Нам кажется, что такие произведения русской классической литературы, как «Полтава» и «Медный всадник», создают для всякого непредубежденного читателя наилучшую возможность разобраться в том, чем отличается миф от символа и как они могут сливаться в одно нераздельное целое. С другой стороны, сказочные образы у раннего Гоголя, и особенно «Вий», являются уже самой настоящей мифологией потому, что писатель либо верит, либо изображает себя верящим в существование соответствующих образов. Если бы Лермонтов говорил просто о злом духе, то это было бы отвлеченным понятием или типом, или, например, метафорой. Если бы он своего Демона понимал только художественно, то он и остался бы для него простой поэтической метафорой. Но Лермонтов в своей поэме «Демон» занял позицию человека, буквально верящего в буквальное существование всех отвлеченных призраков, которыми отличается понятие злого духа; и вот эта буквальность и сделала лермонтовского Демона именно мифом, а не просто метафорой, и притом мифом, конечно, не в наивном фольклорном смысле, но мифом художественно обработанным в условиях интенсивного использования приемов символизма.

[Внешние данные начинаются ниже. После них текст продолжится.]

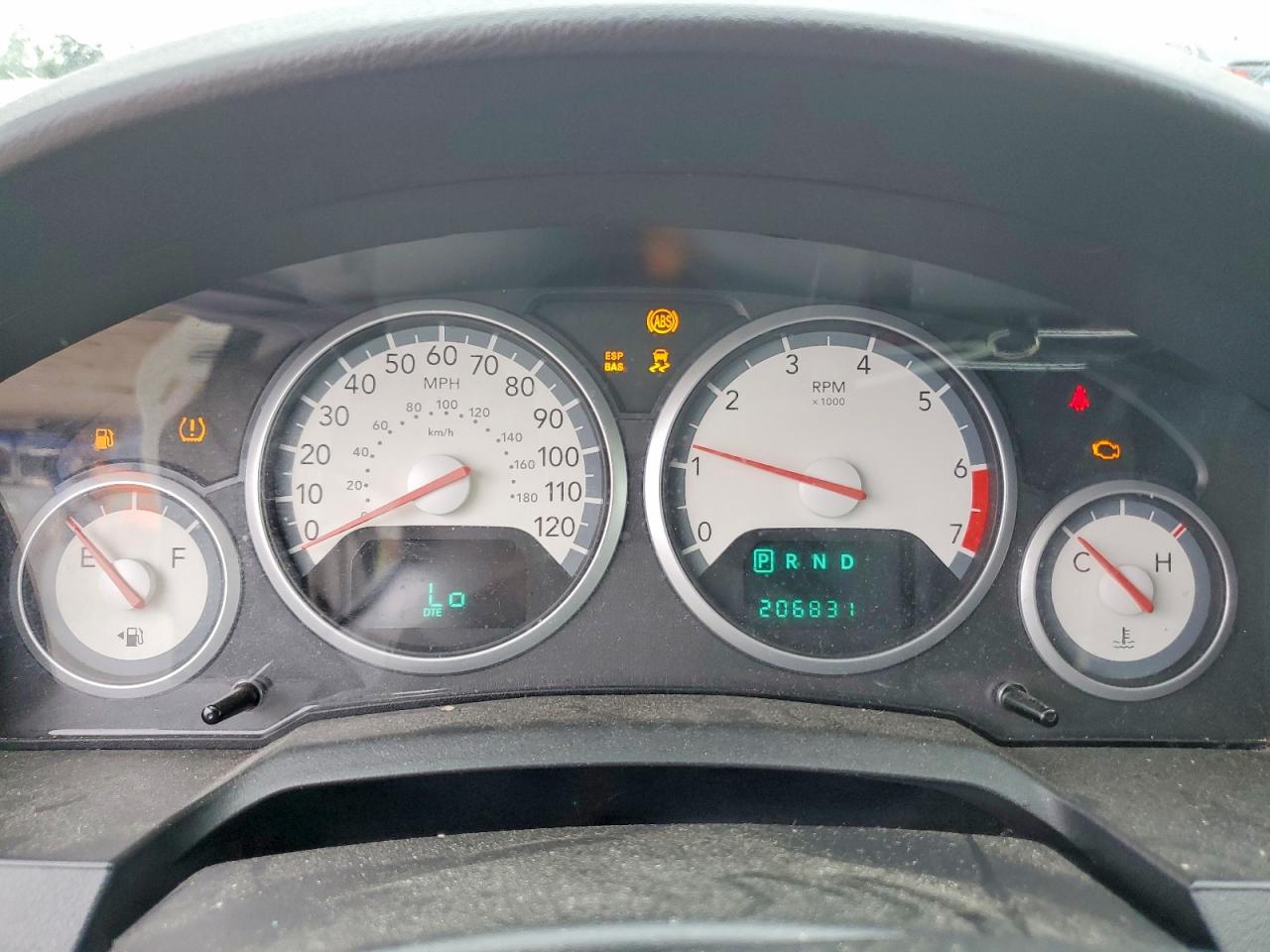 Dodge Caravan Sxt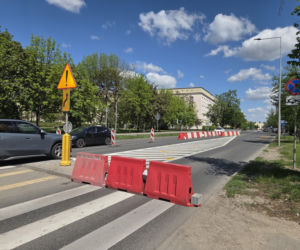 Tak się teraz jeździ na osiedlu Leśnym w Bydgoszczy. Nowa organizacja ruchu na ul. Sułkowskiego!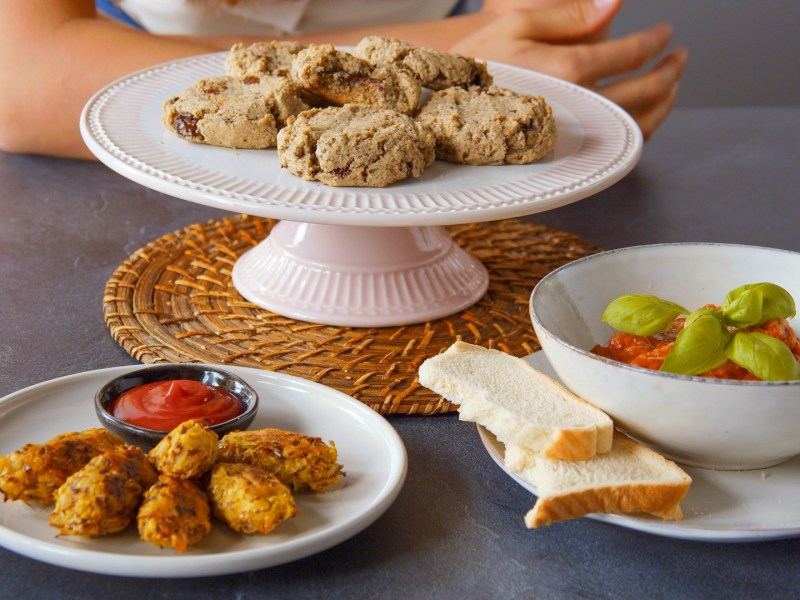 Zero-Waste-Rezepte: Drei Snacks stehen auf einer Küchenablage.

Никто не скажет, что Алеко и Земфира в «Цыганах» Пушкина являются мифами, поскольку они суть такое обобщение, которое отнюдь не мыслится буквально существующим в самой жизни. Они у Пушкина только художественные образы, может быть, лишь с использованием методов символизма, реализма или типологии. Но если бы Пушкин хотел нас уверить, что Алеко и Земфира на самом деле существуют в том виде, как он их изобразил, то есть существуют буквально со всем их художественным обобщением, то это были бы не художественные образы и не символы, но самые настоящие мифы.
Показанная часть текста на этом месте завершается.